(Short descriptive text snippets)

____________________

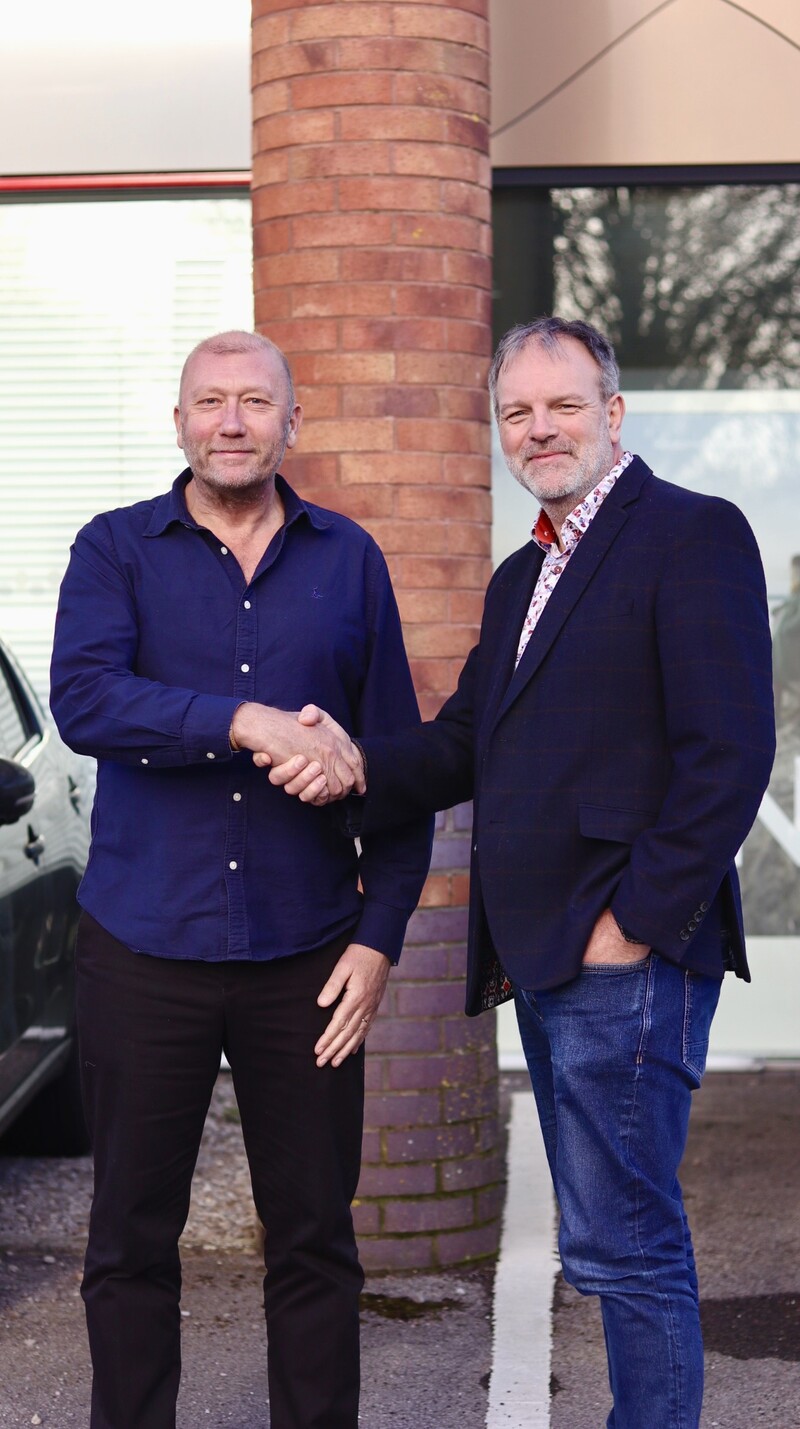 Pictured above is Jeremy Cuff Managing Director of Renrod Ltd Trading as Platinum Motor Group and Dominic Threlfall Managing Director of Pebley Beach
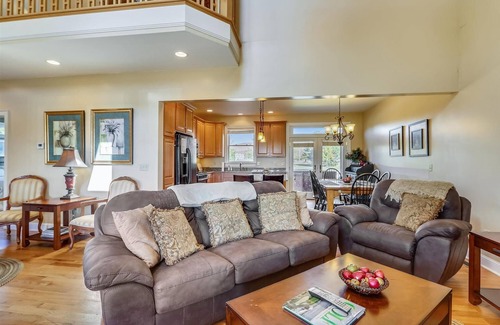 Timberline Casa | Beautiful townhome close to skiing provides easy access year-round!
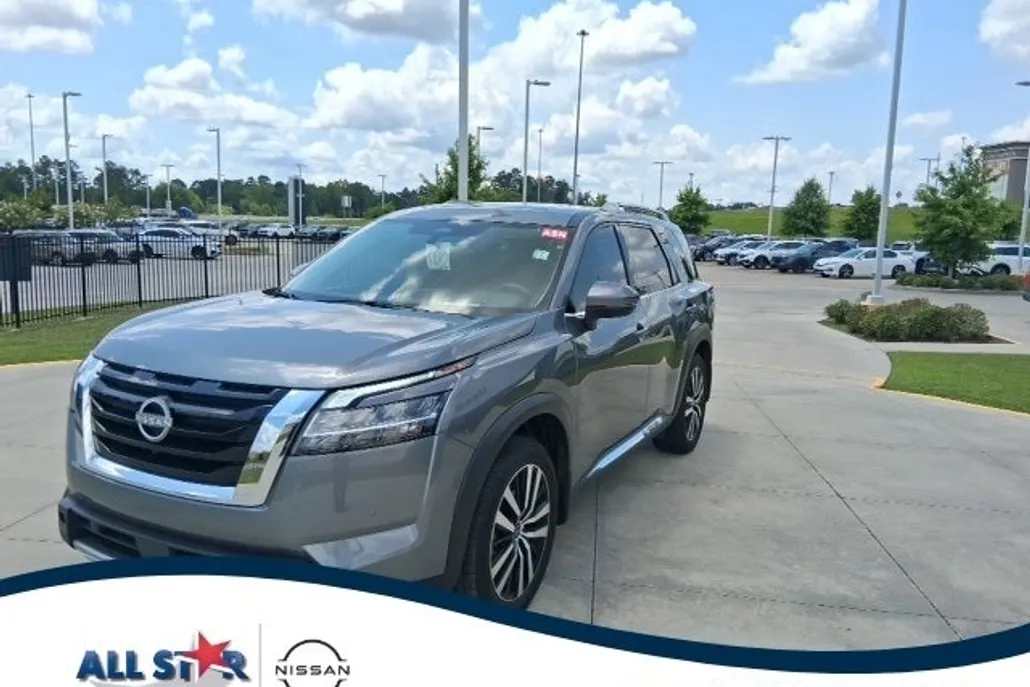 2024 Nissan Pathfinder Platinum photo 1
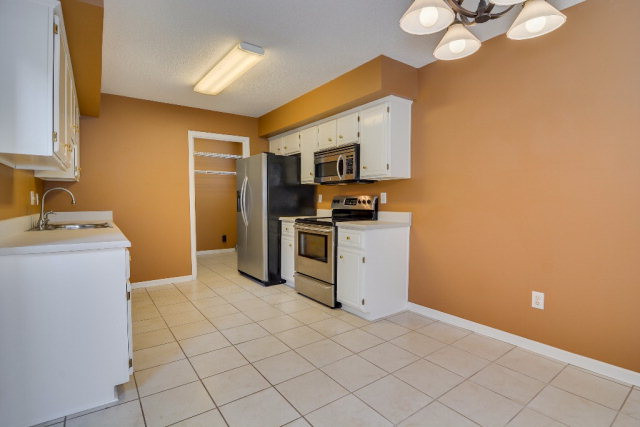 349 Alex Lane Augusta, GA 30909 - Photo 7 of 21 Gallery Image 7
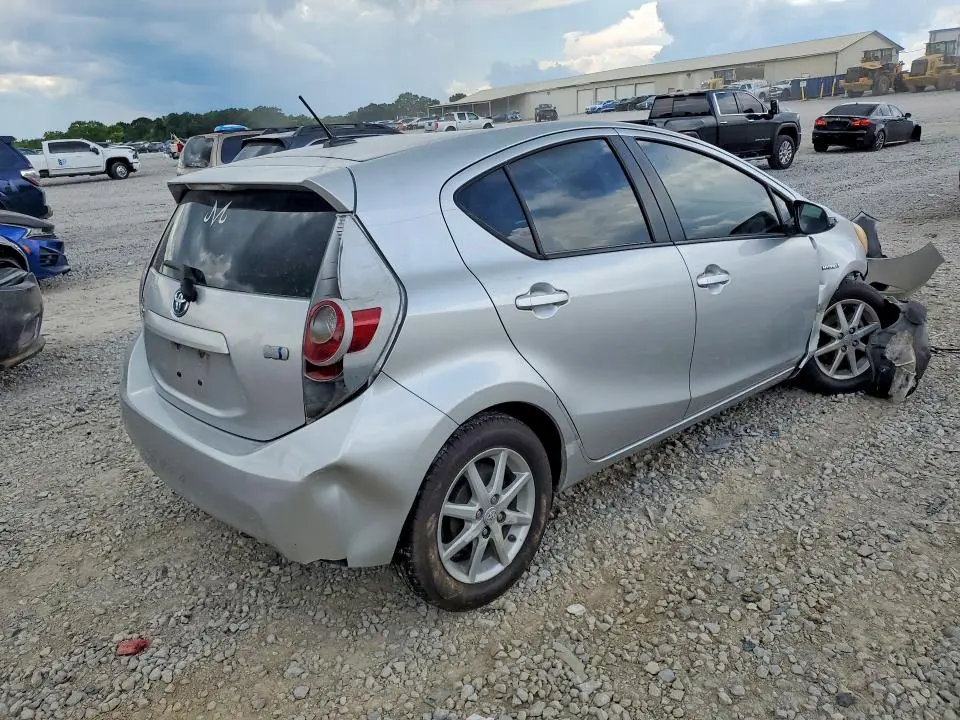 2013 TOYOTA PRIUS C THREE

____________________

EXERCISE OBJECTIVE:
Repeat verbatim the range of lines that opens at the line containing "2024 Nissan Pathfinder Platinum photo 1" and closes at the last line of the entries, excluding all pictures.

ANSWER TO THIS EXERCISE:
 2024 Nissan Pathfinder Platinum photo 1
 349 Alex Lane Augusta, GA 30909 - Photo 7 of 21 Gallery Image 7
 2013 TOYOTA PRIUS C THREE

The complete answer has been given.